_Material shown_:
⟨

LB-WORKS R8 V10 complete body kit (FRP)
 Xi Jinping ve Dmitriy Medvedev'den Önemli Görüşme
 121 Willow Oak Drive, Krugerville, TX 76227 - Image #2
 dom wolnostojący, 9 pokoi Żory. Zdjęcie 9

⟩
⟨

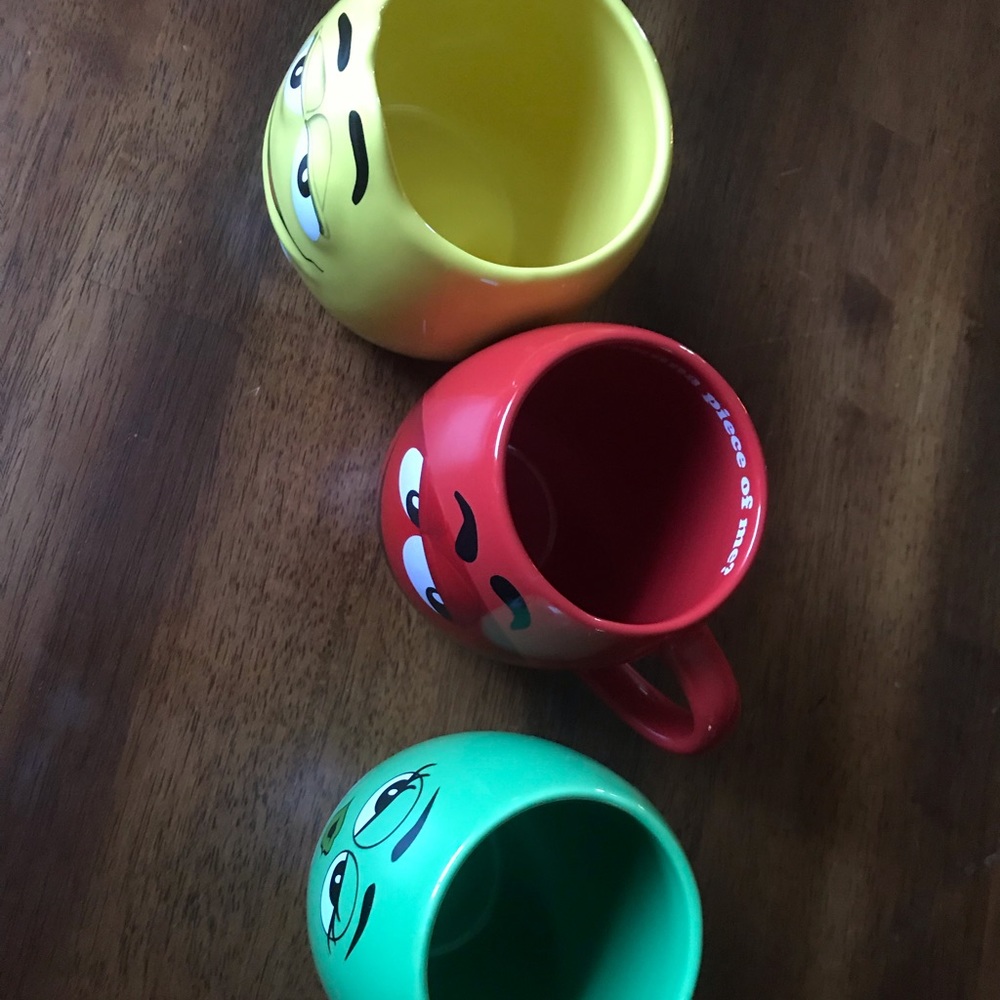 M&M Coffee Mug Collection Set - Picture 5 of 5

⟩

Only one stretch of the data above is needed. Restate it word for word, from the line containing "LB-WORKS R8 V10 complete body kit (FRP)" through the line containing "dom wolnostojący, 9 pokoi Żory. Zdjęcie 9", both ends included.

LB-WORKS R8 V10 complete body kit (FRP)
 Xi Jinping ve Dmitriy Medvedev'den Önemli Görüşme
 121 Willow Oak Drive, Krugerville, TX 76227 - Image #2
 dom wolnostojący, 9 pokoi Żory. Zdjęcie 9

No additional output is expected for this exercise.